It’s possible No Time to Die could be delayed until 2021. The upcoming James Bond film was the first major blockbuster to shift release dates in the wake of the coronavirus pandemic, moving back from April to November 2020. Since then, basically all of Hollywood has shut down and the movie calendar is clear through mid-July (when Christopher Nolan‘s Tenet is slated to open). That appears to be when the industry is banking on things being safe; Mulan and Wonder Woman 1984 are also scheduled to premiere in late summer.
As eager as moviegoers are to see a new film on the big screen, there unfortunately is no guarantee that will be able to happen in a few months. For instance, Connie Nielsen is unsure Wonder Woman 1984 will be able to meet its new release date. The ongoing health crisis remains a fluid situation that’s impossible to predict. Because of that, it isn’t out of the question movies that have already been delayed will get pushed back further.

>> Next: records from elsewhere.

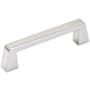 Amerock Blackrock 3-3/4 Inch Center to Center Handle Cabinet Pull Polished Chrome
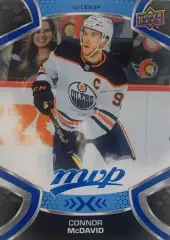 Хоккей. Карточка Connor McDavid-Коннор Макдэвид Edmonton Oilers-Эдмонтон НХЛ/NHL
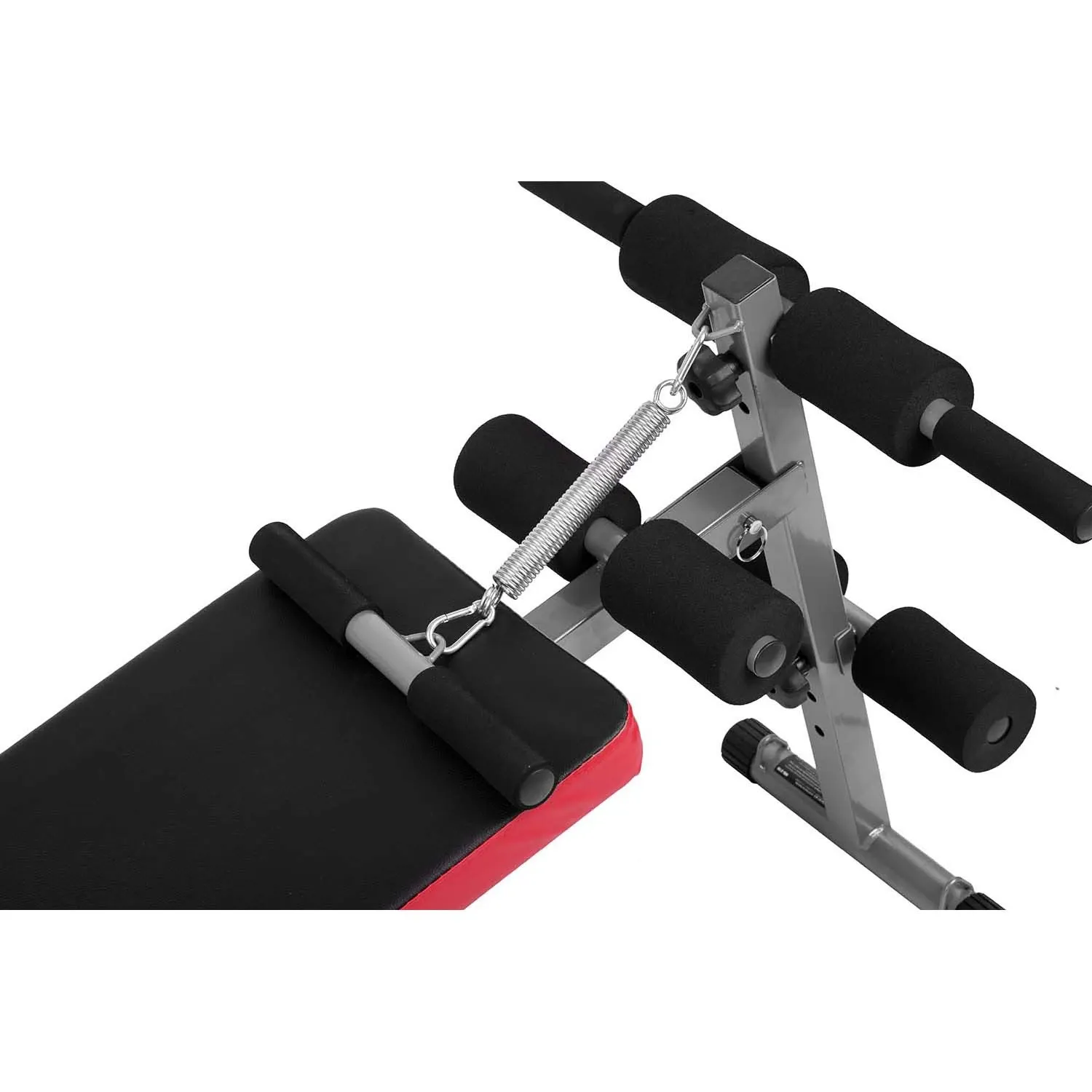 Nuožulnus mankštos suoliukas su „Neo-Sport NS-210“ plėtimo įrankiu - nuotrauka 1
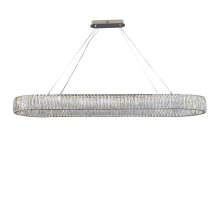 Подвесной светодиодный светильник Newport 8240/140 oval М0067861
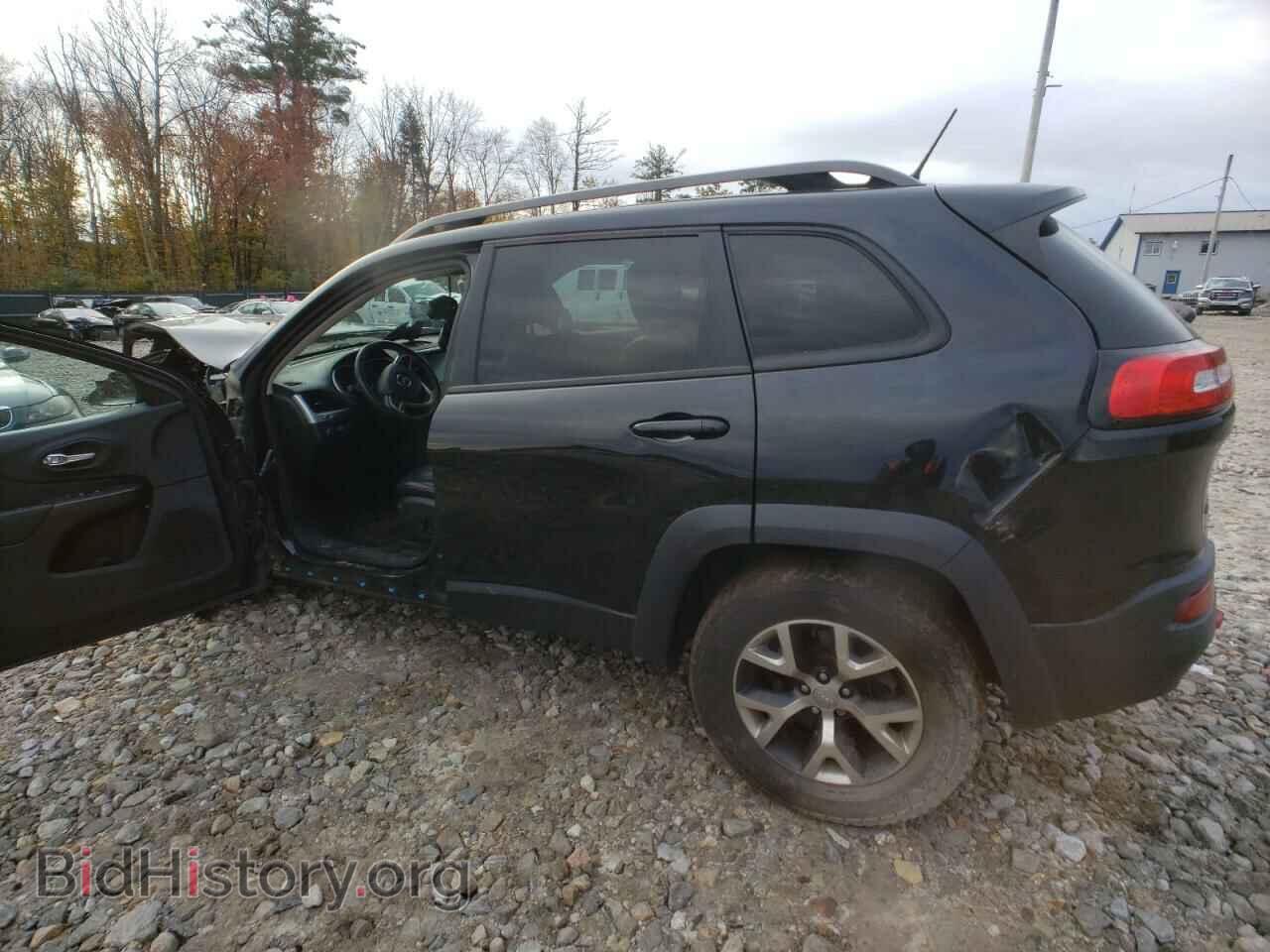 2015 JEEP CHEROKEE - VIN: 1C4PJMBS0FW605448 - Фото 2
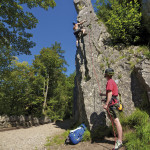 Rotsklimmen in de zomermaanden 2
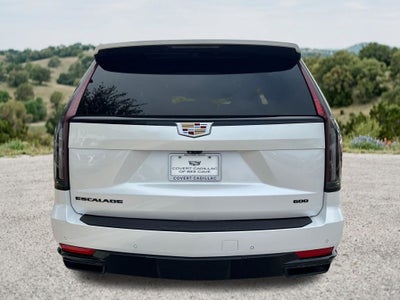 2022 Cadillac Escalade Sport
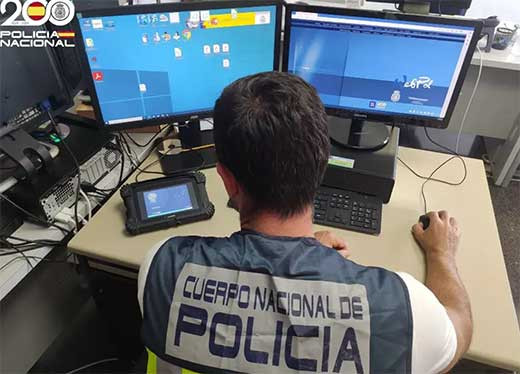 La Policiu0301a alerta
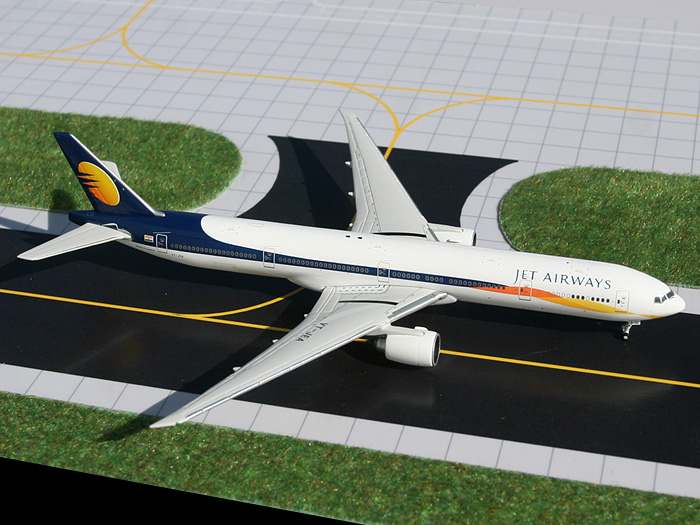 jet airways toy plane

Per the Daily Mail, the great debate for No Time to Die right now is to either stick to the November date or look to 2021 (where potential dates are increasingly becoming scarce). As is the case with franchise tentpoles like Black Widow and Wonder Woman 1984, No Time to Die will not be going straight to streaming. As a source told the outlet:
“If it has to wait till next year then so be it. There are hundreds of millions of dollars involved here. Release it when audiences feel safe to return. But it’s a nerve-racking call.”
Delaying No Time to Die cost MGM between $30-50 million, and the film already boasted the most expensive production budget in Bond history. So, it goes without saying everyone involved needs No Time to Die to be a huge hit, which is something to keep in mind when discussing this dilemma. The Bond franchise has always been a huge draw overseas (Spectre grossed $880.6 million worldwide), meaning the status of the global theatrical marketplace will likely be a determining factor. If theaters around the world are open and bringing in solid business, then No Time to Die could move forward with its planned November premiere. However, should a majority of theaters remain closed (particularly ones in key markets), the Bond producers may be inclined to move the film again – but could have trouble finding another new date clear of competition.
There’s no denying this will be particularly tricky to figure out. Even if most theaters reopen later in the year, there will be restrictions in place to cap attendance (for social distancing reasons) as everyone eases back. That would obviously impact the amount of money films gross at the box office; Tenet and Mulan are predicted to have softer openings than normal if they come out in July. Again, No Time to Die has to earn a healthy amount in order to be profitable, and the movie’s producers may not feel comfortable releasing it until they’re confident it can post strong numbers similar to what it would have scored in normal circumstances. On the other hand, No Time to Die can’t sit on the shelf forever, so at some point the studio is going to have to roll the dice.